Nesse cinema, Murnau explora os cenários externos, o uso de pouca maquiagem; sua câmera passeia sem tanta melancolia. Não há angústia na fotografia. A iluminação não acalenta essa verve expressionista pesarosa, que, em combinação do cenário, perpassa toda a essência desse momento de dificuldade da sociedade alemã.

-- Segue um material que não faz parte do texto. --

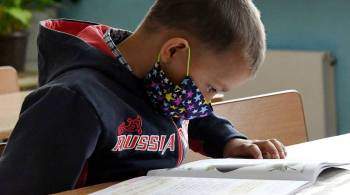 В Москве отменили карантин по COVID в классах школ и детских садах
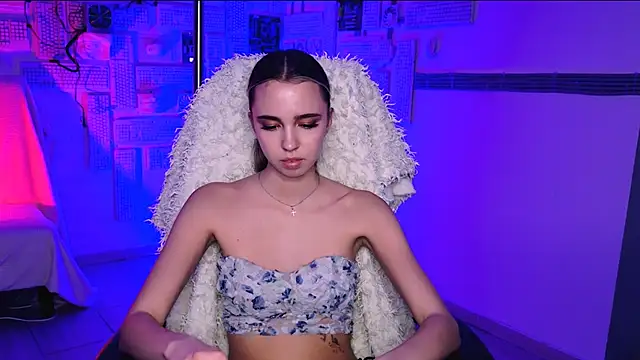 KimPorins online show from February 2026 03:43:01 PM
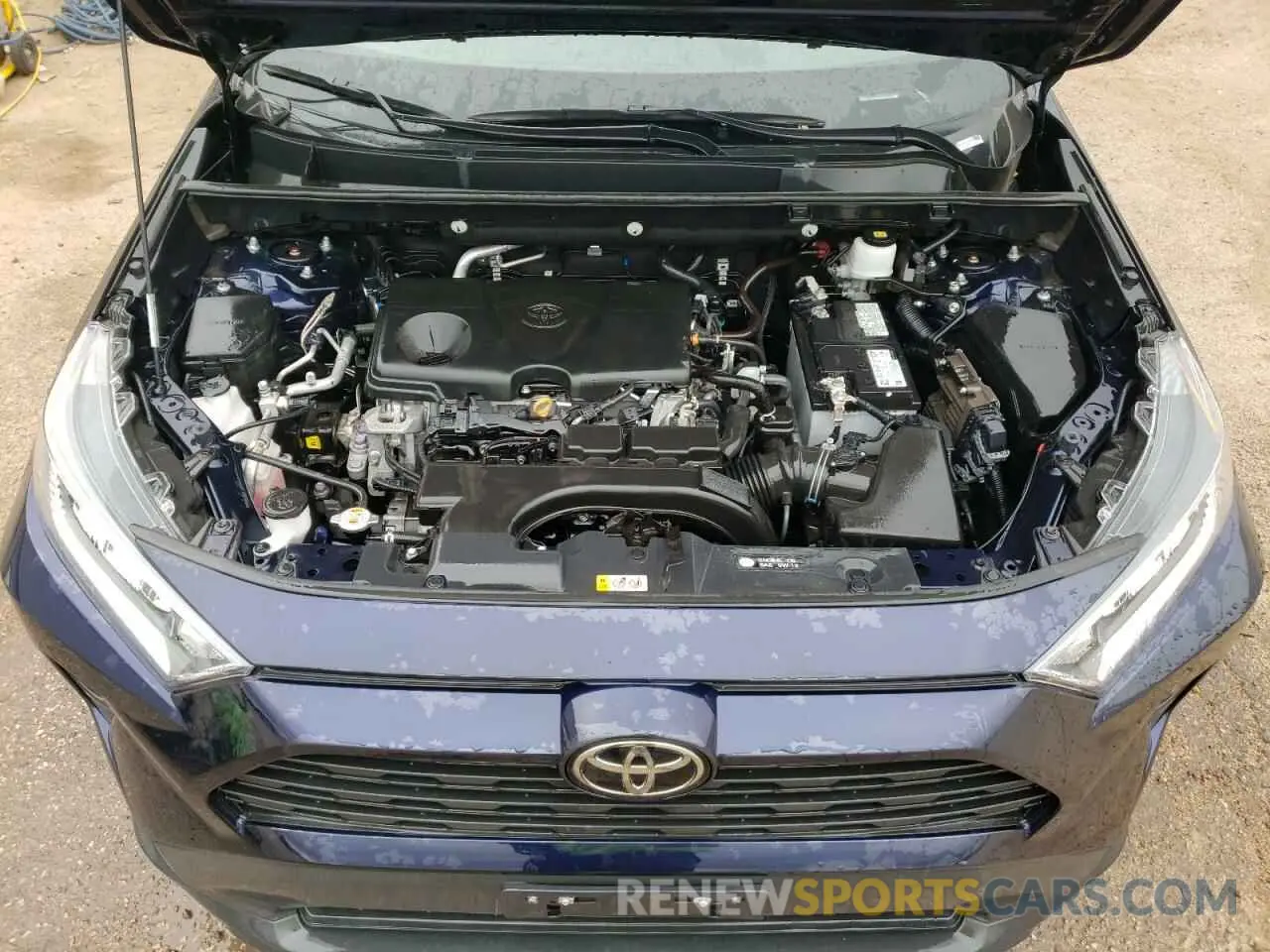 12 Photograph of a damaged car 2T3P1RFV6MW185675 TOYOTA RAV4 2021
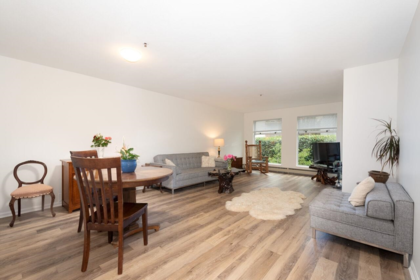 Family Room Photo of 7 2110 Marine Drive, West Vancouver, BC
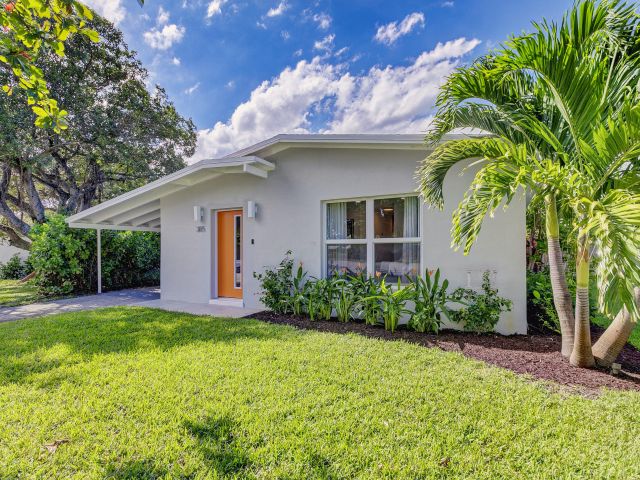 Home for sale at 385 Hunter Street - photo 6808631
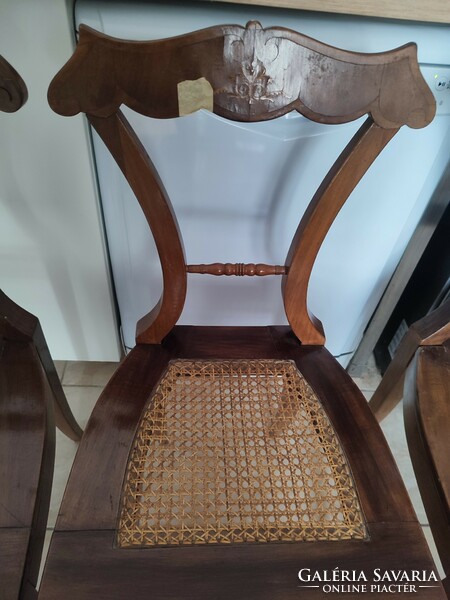 Intatziás székek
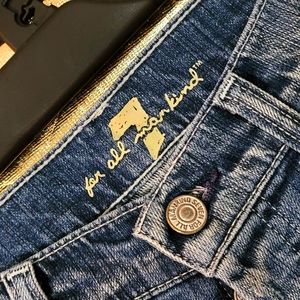 7 FAM Destressed Boyfriend Jeans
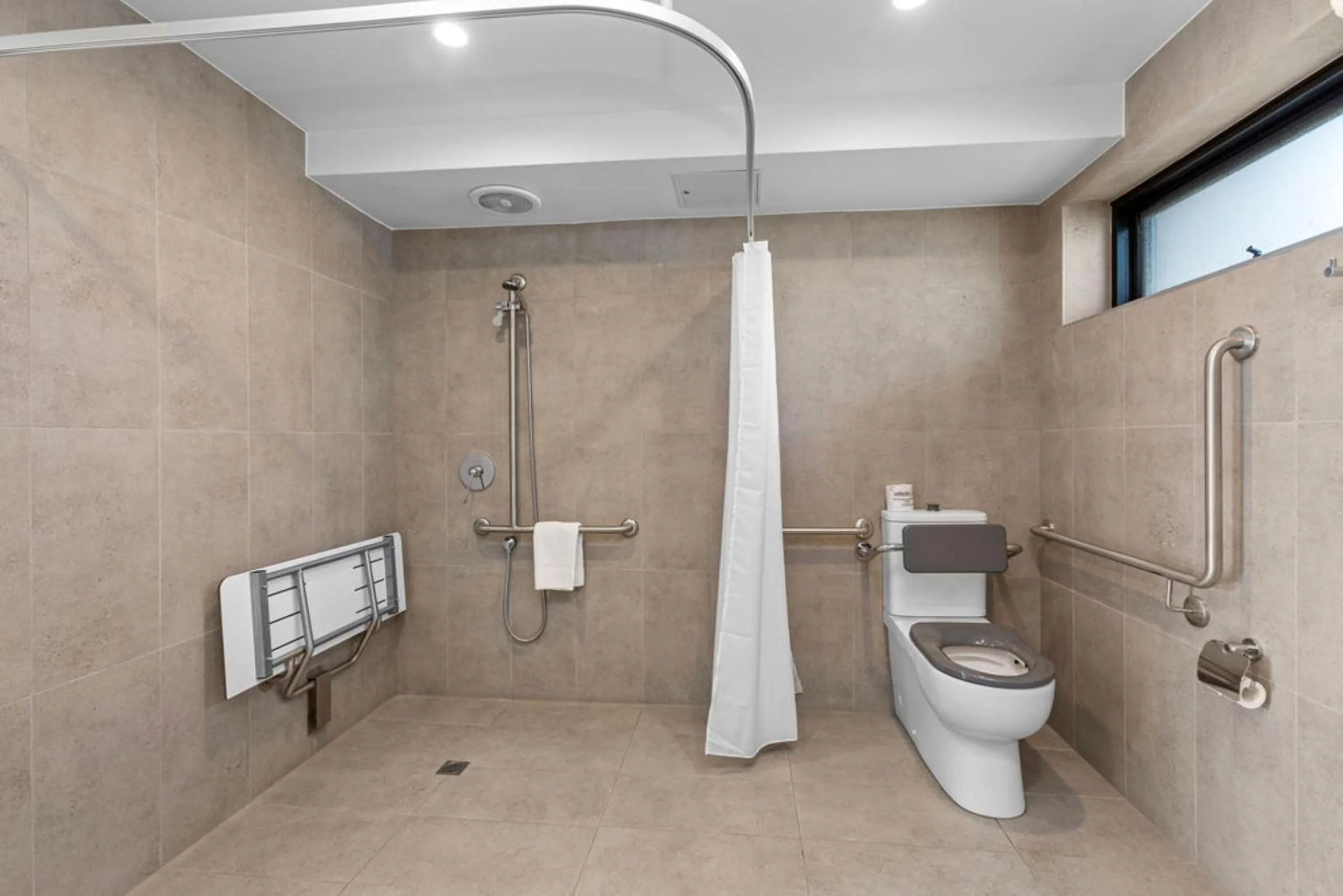 Bathroom in Apollo Bay Motel & Apartments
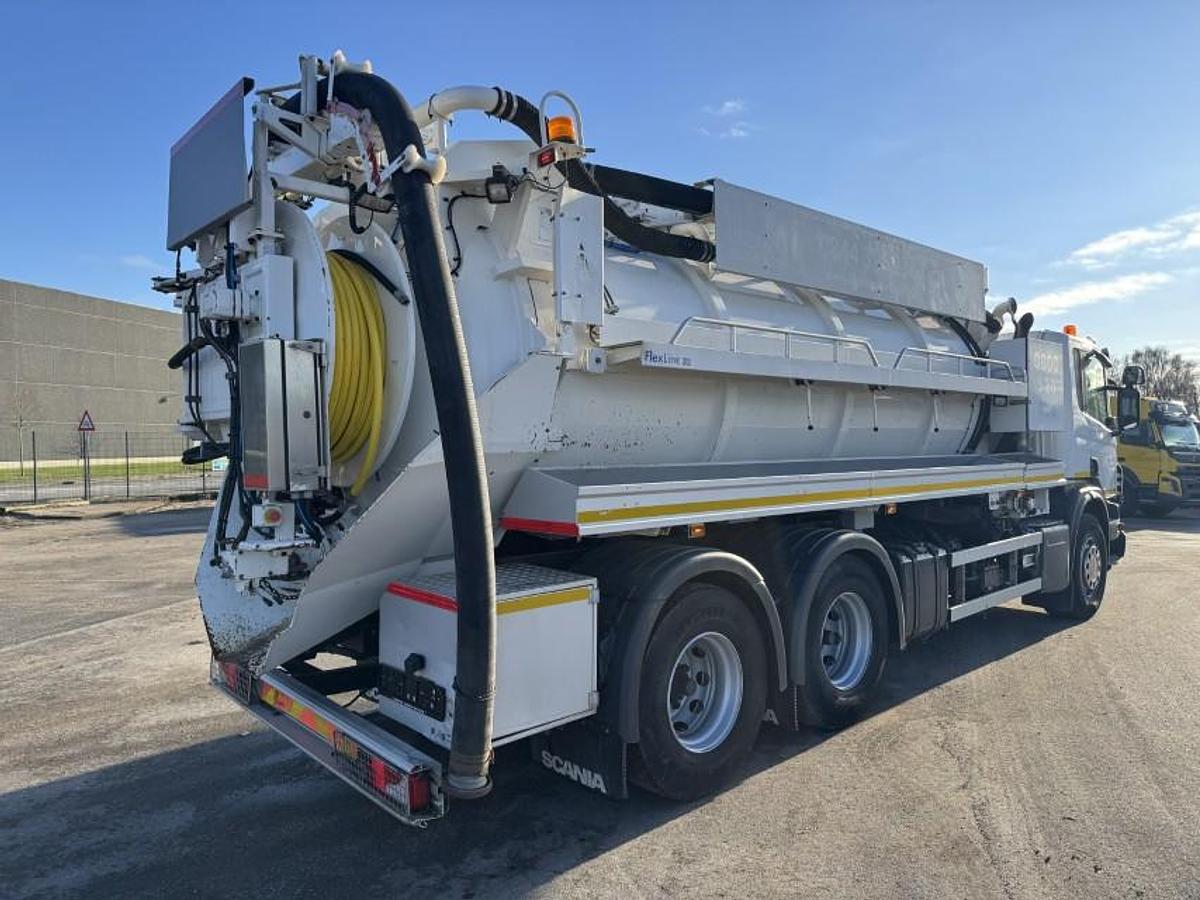 God Scania P360 EURO 6 6x4 Hvidtved Larsen FlexLine 312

Em Fausto, vê-se toda incredulidade do homem. Fausto é um homem velho, um sábio, fervoroso crente de Deus – aliás, não poderia ser diferente na Idade Média -, que, quando Mephisto espalha a praga pela cidade, perde a fé, e se entrega ao demônio. Ele assina um pacto, inicialmente de 24 horas, de que poderia ter o que quisesse. Seu objetivo era ajudar o próximo, mas é apedrejado ao ser desmascarado. Ele então se furta à solidão de seu quarto, e acaba pedindo a juventude. Alucinações, e seu novo desejo é uma mulher preste a se tornar princesa. Porém suas 24 horas estão acabando. E num ato de ambição, assina o pacto eterno. Jovem, ele descobre uma bela moça da cidade. Por ela se apaixona, e graças a Mefistófeles, enamoram-se. Só que Mephisto lhe reserva mais no futuro.

A partir da metade do filme, vislumbra-se um romance aparentemente impossível. Mesmo que seja improvável, eles estão juntos, apesar de toda desgraça que cai sobre eles. E por mais negativo que seja o conteúdo – pois o amor é uma danação, já que nunca será eterno -, a atmosfera é leve. Sofre-se com os personagens. Assim como o amor e romance, Fausto é um maldito. Mas os pássaros ainda cantam, e o mundo é um lugar bom. Entre tantos aspectos de desnorteio e de loucura, o diabo é o ser mais controlado. Posto diante de Deus, zomba com lógica. Mesmo que sua vitória não exista.

Quando Fausto é condenado pela juventude, busca redenção. Porém o que lhe causa sofrimentos é a paixão e o romance. Sua redenção só poderia ser perante isso. Dentro dessa lógica de incertezas e de desilusões, Fausto encontra sua expressão ao mostrar o mundo de dentro para fora, e não de fora para dentro – como no expressionismo. E vinga-se de si mesmo.

Tratando dos enigmas da vida, encontra a resposta a que tanto procurava. Mephisto funciona como um catalisador, muito mais importante que a amada Gretchen, na vida de Fausto. Eles se completam, por mais farsante que tudo seja. O que Fausto vive desde o primeiro momento do filme é uma grande desilusão. Desilusão quanto à fé, quanto à juventude, quanto ao amor... E, invariavelmente, leva-o a um mundo de angústias ilógicas. Ele se acha, ao se perder.

Dentro dos silogismos e sofismas do cinema alemão, entendi a desilusão. Fausto não é o melhor Murnau, mas é o que o melhor representa dentro de uma estética.